In a one-to-one talk later, Moneeza Hashmi shared an incident about Faiz’s meeting with Dilip Kumar in Bombay. When he was leaving, he asked her what she’d like him to bring back. Her “knee-jerk response” was: Dilip Kumar’s autograph. When Faiz returned empty-handed, she asked him why he didn’t get the autograph.
Her father’s response, she said, shocked her “beyond belief” — “Meri beti, meiN oosse kaisa maaNgta, woh to khud mera autograph maang raha tha” (my daughter, how could I ask him, he was asking for my autograph).

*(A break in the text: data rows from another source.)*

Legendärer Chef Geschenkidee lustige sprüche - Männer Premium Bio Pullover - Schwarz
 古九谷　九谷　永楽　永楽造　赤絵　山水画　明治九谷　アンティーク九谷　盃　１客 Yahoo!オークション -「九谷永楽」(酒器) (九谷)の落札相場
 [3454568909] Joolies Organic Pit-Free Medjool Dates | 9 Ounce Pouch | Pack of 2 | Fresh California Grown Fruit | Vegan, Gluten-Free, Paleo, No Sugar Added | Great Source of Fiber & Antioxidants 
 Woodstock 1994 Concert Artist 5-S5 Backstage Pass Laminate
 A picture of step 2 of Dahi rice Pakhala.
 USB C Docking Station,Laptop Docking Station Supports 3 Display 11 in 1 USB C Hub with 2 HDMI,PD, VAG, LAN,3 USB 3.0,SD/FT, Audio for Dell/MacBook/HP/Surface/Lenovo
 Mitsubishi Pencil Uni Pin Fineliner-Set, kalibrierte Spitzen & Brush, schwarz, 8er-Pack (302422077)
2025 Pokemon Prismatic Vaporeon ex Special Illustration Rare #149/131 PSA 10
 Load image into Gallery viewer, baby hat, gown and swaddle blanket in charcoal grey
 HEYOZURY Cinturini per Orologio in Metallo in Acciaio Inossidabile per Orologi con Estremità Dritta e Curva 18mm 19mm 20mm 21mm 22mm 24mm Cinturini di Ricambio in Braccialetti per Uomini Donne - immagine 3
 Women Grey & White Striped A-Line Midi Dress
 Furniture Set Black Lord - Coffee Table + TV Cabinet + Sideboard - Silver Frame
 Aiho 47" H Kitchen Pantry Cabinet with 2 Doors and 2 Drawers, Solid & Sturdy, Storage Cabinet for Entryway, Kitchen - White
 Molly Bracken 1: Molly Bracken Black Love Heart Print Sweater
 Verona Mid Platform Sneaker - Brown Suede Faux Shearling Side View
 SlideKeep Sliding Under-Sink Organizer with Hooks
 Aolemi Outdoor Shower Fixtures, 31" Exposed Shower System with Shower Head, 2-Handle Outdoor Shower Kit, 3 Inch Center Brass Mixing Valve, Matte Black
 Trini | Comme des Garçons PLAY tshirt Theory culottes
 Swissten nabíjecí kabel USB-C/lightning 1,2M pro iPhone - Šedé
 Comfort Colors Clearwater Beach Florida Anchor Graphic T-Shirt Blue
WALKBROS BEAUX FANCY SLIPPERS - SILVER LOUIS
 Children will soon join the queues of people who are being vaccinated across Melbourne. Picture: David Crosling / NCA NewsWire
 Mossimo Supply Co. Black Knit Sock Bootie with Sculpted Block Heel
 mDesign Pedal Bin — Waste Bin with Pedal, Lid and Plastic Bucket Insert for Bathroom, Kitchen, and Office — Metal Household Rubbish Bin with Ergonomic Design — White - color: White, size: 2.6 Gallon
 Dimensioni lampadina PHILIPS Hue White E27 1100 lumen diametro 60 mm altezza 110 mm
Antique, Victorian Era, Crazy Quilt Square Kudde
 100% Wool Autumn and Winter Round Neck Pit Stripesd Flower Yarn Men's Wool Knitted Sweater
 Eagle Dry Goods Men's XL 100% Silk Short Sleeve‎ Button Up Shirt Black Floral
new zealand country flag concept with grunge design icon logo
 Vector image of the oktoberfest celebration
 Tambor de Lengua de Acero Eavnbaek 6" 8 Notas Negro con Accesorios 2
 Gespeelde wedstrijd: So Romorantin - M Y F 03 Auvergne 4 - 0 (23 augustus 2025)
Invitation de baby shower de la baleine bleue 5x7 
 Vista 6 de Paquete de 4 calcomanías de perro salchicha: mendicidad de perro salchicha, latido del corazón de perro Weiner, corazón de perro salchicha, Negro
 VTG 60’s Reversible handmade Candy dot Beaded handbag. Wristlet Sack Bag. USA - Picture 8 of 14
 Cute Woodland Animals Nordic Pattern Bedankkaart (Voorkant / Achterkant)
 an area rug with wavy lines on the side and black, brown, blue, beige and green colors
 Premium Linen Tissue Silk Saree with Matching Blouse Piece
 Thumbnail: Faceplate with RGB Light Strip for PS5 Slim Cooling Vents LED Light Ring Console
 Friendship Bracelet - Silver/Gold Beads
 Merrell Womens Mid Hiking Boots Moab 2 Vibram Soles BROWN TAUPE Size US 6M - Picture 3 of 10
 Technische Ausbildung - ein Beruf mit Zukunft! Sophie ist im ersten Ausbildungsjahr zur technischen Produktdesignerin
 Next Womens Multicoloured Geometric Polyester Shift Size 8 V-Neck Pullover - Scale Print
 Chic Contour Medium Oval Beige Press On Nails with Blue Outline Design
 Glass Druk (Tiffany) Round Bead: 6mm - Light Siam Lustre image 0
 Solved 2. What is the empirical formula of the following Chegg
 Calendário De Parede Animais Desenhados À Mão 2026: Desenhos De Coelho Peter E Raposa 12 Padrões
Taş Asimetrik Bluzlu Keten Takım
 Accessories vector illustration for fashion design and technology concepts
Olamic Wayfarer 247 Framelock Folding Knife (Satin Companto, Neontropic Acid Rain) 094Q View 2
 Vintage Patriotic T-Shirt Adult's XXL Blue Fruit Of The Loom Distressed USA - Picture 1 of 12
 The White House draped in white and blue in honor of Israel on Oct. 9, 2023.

“Dilip Kumar really has a high regard for my father”, she commented, adding that her family reciprocates this regard. She shared a photograph of Dilip Kumar visiting their family in Lahore to pay his respects to Alys Faiz, after Faiz’s passing.
“I am also learning more about my father. So much has been written about him, that I have discovered even more. People are sharing things about him that I didn’t know”, she said.
“It was a well-organised event which effectively brought out various aspects of Faiz Sahib’s poetry and personality”, said Zakia Sarwar, a prominent educationist currently in the Boston area who attended the Zoom event and has known the poet and his family since the 1950s. “Being so far away from Pakistan it was heartening and uplifting to be in the company of people who love Faiz and his poetry”.
Author of The Muslim Vote Counts (Wyndham Hall, USA 2004), Boston-area based Tahir Ali together with Siraj Khan produced the online event. Report submitted to Aman Ki Asha, edited by Beena Sarwar.